Then Pilate, annoyed by what seemed to him truculent mystification, answered with the celebrated question: “What is truth?”

And without waiting for an answer, he rose to go out. The skeptical Roman had many times been present at the endless disputes of philosophers, and because he had heard so many contradictory metaphysical contentions and so many sophistical quibblings, had become convinced that truth did not exist, or if it did exist, could never be known by men. He did not dream for a moment that this obscure Jew who stood before him as a malefactor could tell him the truth. It was Pilate’s destiny on that one day of his life to contemplate the face of truth, supreme truth made man, and he could not see it. Living truth, the truth which could have made him a new man, was before him clothed with human flesh and rough garments, with buffeted face, and hands tied. But in his arrogance he did not guess what prodigious good fortune was his, a good fortune which millions of men have envied him after his death. If any one had told him that because of this one encounter, because to him was vouchsafed the overwhelming honor of having spoken to Jesus and having sent Him to the cross, his name would be known, although in infamy and malediction, through all the centuries and by all the human race, such a prophecy would have seemed to him like the frenzied ravings of a madman. Pilate was blind with an appalling and incurable blindness, but Christ on that very day was to pardon even him because the blind, even less than others, know what they do.

CLAUDIA PROCULA

Just as Pilate was preparing to go out and give his answer to the Jews, who were muttering restlessly and impatiently before the door, a servant sent by his wife came up to him, giving him this message: “Have thou nothing to do with that just man: for I have suffered many things this day in a dream because of him.”

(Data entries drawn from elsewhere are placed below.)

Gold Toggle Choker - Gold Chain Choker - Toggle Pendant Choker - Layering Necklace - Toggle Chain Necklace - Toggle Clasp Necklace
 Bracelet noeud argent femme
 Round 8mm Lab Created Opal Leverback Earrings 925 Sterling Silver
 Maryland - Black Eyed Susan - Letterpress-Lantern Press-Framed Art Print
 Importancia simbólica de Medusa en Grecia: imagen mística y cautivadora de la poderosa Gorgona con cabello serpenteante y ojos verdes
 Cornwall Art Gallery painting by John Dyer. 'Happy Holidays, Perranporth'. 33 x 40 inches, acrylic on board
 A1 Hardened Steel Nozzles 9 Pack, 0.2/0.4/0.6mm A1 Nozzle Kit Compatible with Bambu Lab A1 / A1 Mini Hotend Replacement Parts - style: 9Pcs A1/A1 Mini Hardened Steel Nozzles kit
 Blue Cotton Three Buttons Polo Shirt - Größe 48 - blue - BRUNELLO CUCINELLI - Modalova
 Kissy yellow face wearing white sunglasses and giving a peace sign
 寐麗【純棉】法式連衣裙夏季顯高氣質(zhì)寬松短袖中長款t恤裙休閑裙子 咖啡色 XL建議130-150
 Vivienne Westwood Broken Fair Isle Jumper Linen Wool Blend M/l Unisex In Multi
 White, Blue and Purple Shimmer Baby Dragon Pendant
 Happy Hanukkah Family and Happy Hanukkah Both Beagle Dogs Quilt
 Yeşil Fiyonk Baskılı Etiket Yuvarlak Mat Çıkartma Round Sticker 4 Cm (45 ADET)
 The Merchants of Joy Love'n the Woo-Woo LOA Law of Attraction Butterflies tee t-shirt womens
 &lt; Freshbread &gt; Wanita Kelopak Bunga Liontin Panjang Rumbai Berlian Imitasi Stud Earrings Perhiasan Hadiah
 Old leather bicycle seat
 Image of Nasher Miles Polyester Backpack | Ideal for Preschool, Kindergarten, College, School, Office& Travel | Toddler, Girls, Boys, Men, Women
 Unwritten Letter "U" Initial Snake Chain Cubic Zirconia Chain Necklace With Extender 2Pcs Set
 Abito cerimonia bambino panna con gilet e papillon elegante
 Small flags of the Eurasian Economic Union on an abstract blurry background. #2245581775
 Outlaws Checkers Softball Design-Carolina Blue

No one in the four Gospels tells us what impression was made on the Procurator by this unexpected intercession from his wife. We know nothing of her except her name. According to the Gospel of Nicodemus her name was Claudia Procula, and if this name was really hers she may have belonged to the Gente Claudia, distinguished and powerful at Rome. We may thus suppose that she was by birth and connections of a higher social rank than her husband, and that Pilate, a mere freedman, may have owed to her and her influence in Rome his post in Judea.

If all this was true, certainly the request of Claudia Procula must have made some impression on Pilate, especially if he loved her; and that he loved her, at least as a man of his nature could love, seems proved by the fact that he had asked to take her with him into Asia. The Lex Oppia, although mitigated by a decree of the Senate in the consulship of Cethegus and Varro, forbade the pro-consuls to take their wives with them, and Pontius Pilate had a special permit from Tiberius allowing Claudia Procula to accompany him to Palestine.

The motives for this intercession, so briefly stated, are mysterious. The words of Matthew refer to a dream in which she had suffered because of Jesus: it is probable that she had heard people talking for some time of the new Prophet; perhaps she had seen Him, and found Him very different from the other Jews. The fact that He was neither a vulgar demagogue nor a hypocritical Pharisee must have been pleasing to the imagination of a fanciful Roman woman. She did not understand the language spoken in Jerusalem, but some interpreter of the law courts might have repeated to her some of Jesus’ words, words which would have convinced her that He was not, as they said, a dangerous criminal.

In those days the Romans, especially Roman women, were beginning to feel the attraction of Oriental myths and cults, which gave more satisfaction to the longing for personal immortality than the old Latin religion, a cold, legal, businesslike exchange of sacrifices to obtain utilitarian and political ends. Many patrician women, even in Rome, had been initiated into the mysteries of Mithra, Osiris and of Isis, the Great Mother, and some showed a certain leaning towards Judaism. In that very reign of Tiberius many Jews living in Rome were exiled from the Capital because, according to Josephus, some of them had deceived a matron Fulvia—converted to Judaism—and Fulvia, as we see from a reference of Suetonius, was not the only one.

It is not impossible that Claudia Procula, living in Judea, had been curious to know more in detail about the religion of the people governed by her husband, and that, curious like all women about new things, she had tried to find out what new doctrines were being preached by the Galilean prophet of whom every one in Jerusalem was talking. It is certain that she had become convinced that Jesus was a “just man” and hence innocent. The dream of that night, the terrible dream—for she had “suffered many things” in it—had confirmed her in this conviction, and it is not surprising that relying on the influence which women have with their husbands, even if their husbands love them no longer, she sent this imploring message to Pilate.

It is enough for us that she called Him “That just man”—the man whom the Jews wished to assassinate. Together with the Centurion of Capernaum and with the Canaanite woman, Claudia Procula is the first pagan who believed in Christ, and the Greek Church has good reason to revere her as a Saint.